▶ **Task statement**: Return all of the data below verbatim and exclude every picture.

▶ **Exercise data**:
--

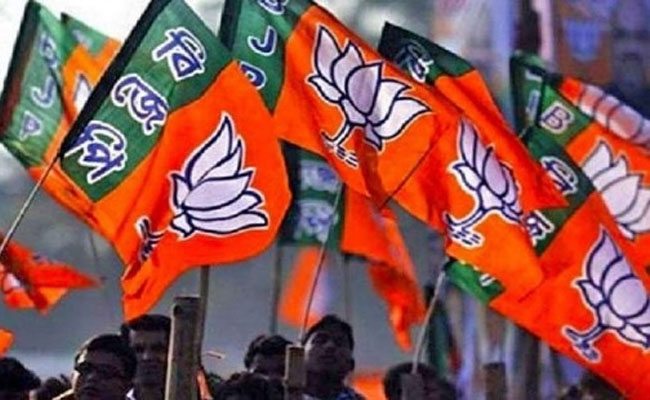 बाढ़ पीडित किसानों को लेकर भाजपा का प्रदेशव्यापी धरना बाढ़ पीडित किसानों को लेकर भाजपा का प्रदेशव्यापी धरना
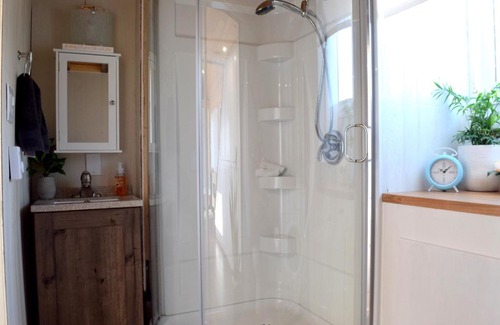 New Bothwell House | Family-Friendly Retreat at The Bluebirds Nest with Hot Tub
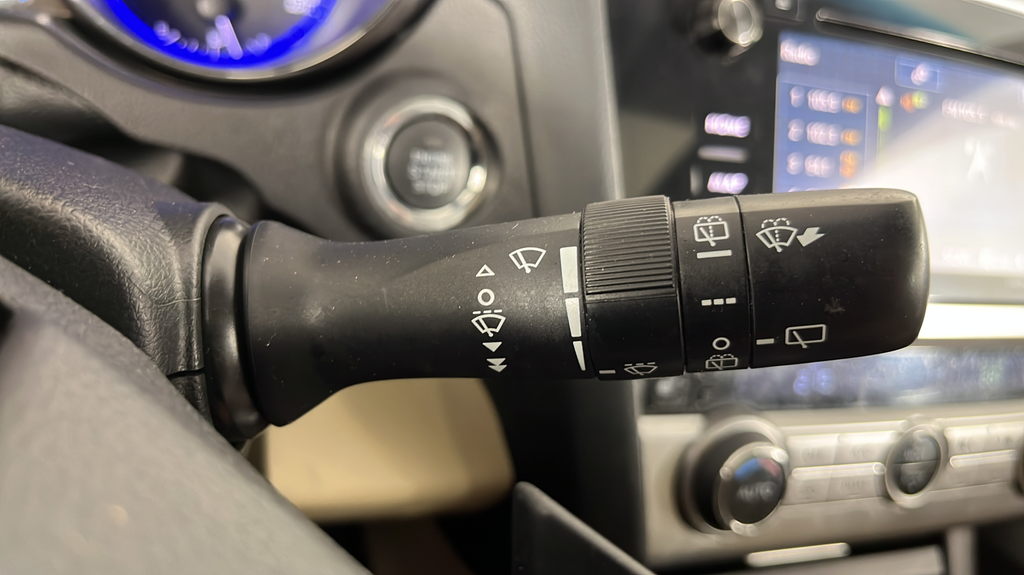 Used 2016 Crystal White Pearl Subaru 3.6R image 30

--

▶ **Answer box**:
 बाढ़ पीडित किसानों को लेकर भाजपा का प्रदेशव्यापी धरना बाढ़ पीडित किसानों को लेकर भाजपा का प्रदेशव्यापी धरना
 New Bothwell House | Family-Friendly Retreat at The Bluebirds Nest with Hot Tub
 Used 2016 Crystal White Pearl Subaru 3.6R image 30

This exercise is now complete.